Und jetzt passt auf: warum laufen Habca und Rike so viel neben mir her? Na? – Genau.

Warum sitzen sie, wenn sie was von mir wollen? Warum gehen sie (meistens) so schön an der Leine? Warum gehen sie an fressbarem so fröhlich vorbei? Na?

hundephilosophin1609-6 Letzte Woche beim Mantrailing waren die zwei mit, aber nicht dran. Ja, ich weiß, ganz schlimm. Mantrailing ist ja eigentlich einfach, aber in einer Gruppe sein, und dann nicht dran sein. für viele Hunde eine echte Herausforderung. Und als wäre das nicht schlimm genug,  ist ja auch noch jemand anderes dran! Einer Rike könnten da schon mal die Nerven durchgehen. Also kommen sie mit, gucken nett, gehen nett an der Leine, setzen sich hin, wenn ich was erkläre oder wir warten – und dafür werden sie gefüttert! Und das nicht nur ein bisschen! Warten lohnt sich. Nett sein lohnt sich. Es sieht nicht nach einer Riesen-Leistung aus, was sie da machen – aber ich finde es gut, ich finde es wichtig, ich will mehr davon: Also sorge ich dafür, dass es verstärkt wird.

So einfach, oder?

Ja, aber: ein netter, braver Hund ist oft ein unauffälliger Hund. Er latscht neben euch her an der Leine, beide in Gedanken versunken. Wenn aber der Lieblingsfeind um die Ecke kommt, dann wird’s laut, dann fällt er auf, dann tut ihr was! Ne, ganz falsch: das unauffällige Bravsein ist das, wovon wir mehr wollen.

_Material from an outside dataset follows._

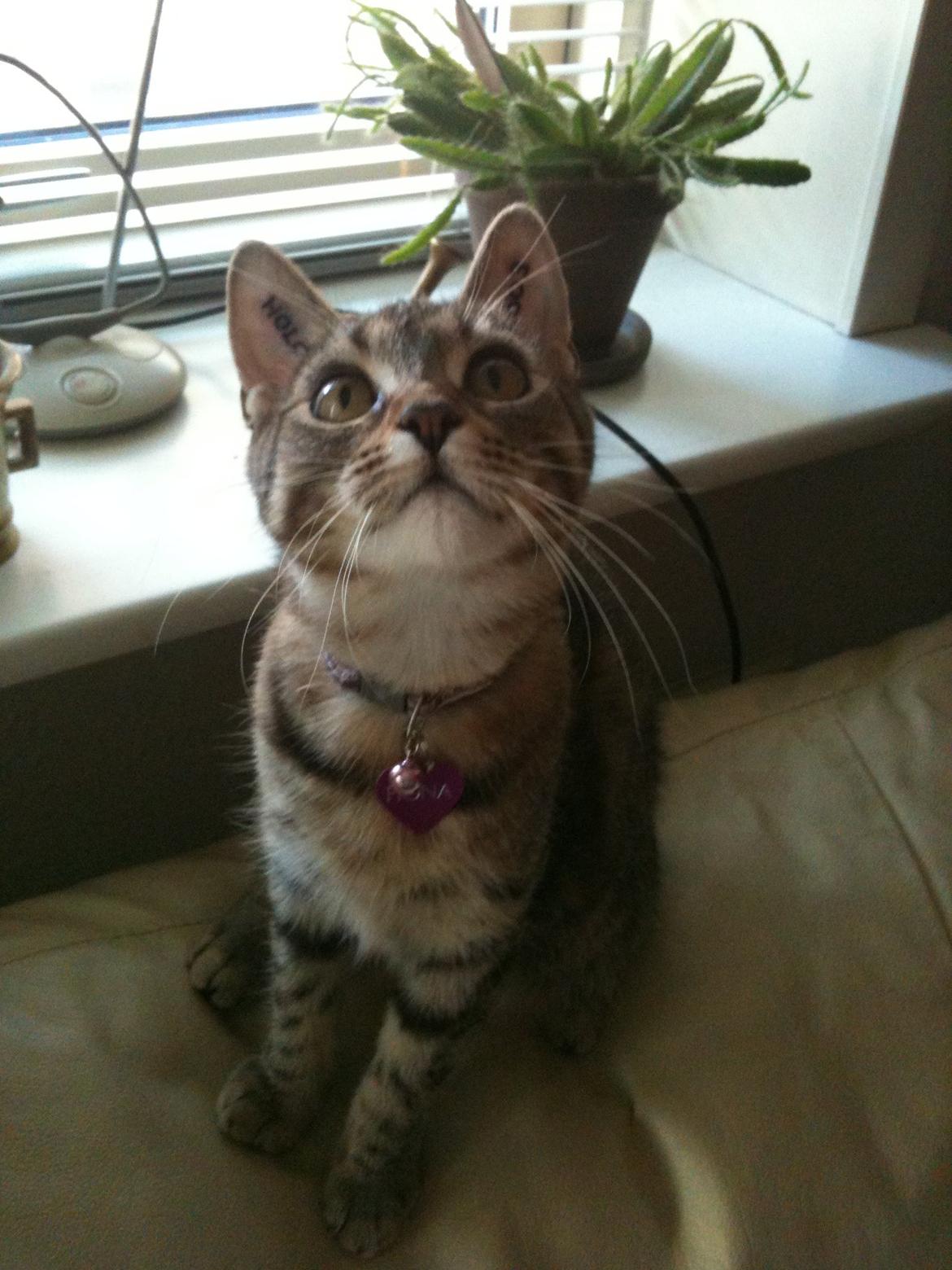 Huskat Fiona billede 6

Menschen sagen dann schnell: „Aber das ist doch nichts Besonderes!“ oder „ja, das kann er ja, aber xy nicht!“ oder „echt, soll ich den jetzt so viel füttern?“. Kurz gesagt: ja, wir füttern unsere Hunde, Füttern ist gut, tut es für Sachen, die ihr haben wollt – egal, ob ihr die schwierig findet oder meint, der Hund kann es so schon – man muss es nicht erst so schwierig machen, bis er es nicht mehr kann.

hundephilosophin1609-7 Manchmal finden meine Kunden mich arg positiv (im Alltagssinne des Wortes): Sie haben so einen keifenden Monsterköter an der Leine, und ich sage: „hey, der war gerade ’ne halbe Sekunde echt brav!“ Oder „der hat dich gerade angeguckt, bevor er losgelegt hat!“. Ich sag das nicht, weil ich so verblendet bin, oder das Problem nicht sehe. Ich sag das, weil es diese halben Sekunden sind, die wir verstärken müssen. Das gewünschte, gute, brave, ist doch da! Es ist bei jedem Hund da. Jedem unerwünschten Verhalten geht ein erwünschtes voraus.

Ich schlage vor: nehmt Euch die Hälfte der Tages-Futter-Ration Eures Hundes, stopft sie euch in die Taschen, und verstärkt heute alles, was euch gefällt. „Du liegst still auf dem Sofa? Super!“, „du wartest an der Tür (für eine Sekunde)? – Super!“. Versucht Euch an der Einstellung, das Gute, Gewünschte, Richtige im Verhalten Eures Hundes zu finden. Das macht nicht nur mehr Spaß, das ist auch tatsächlich effektiv.

Du hast diesen Text bis zum Ende gelesen? Das freut mich – ehrlich!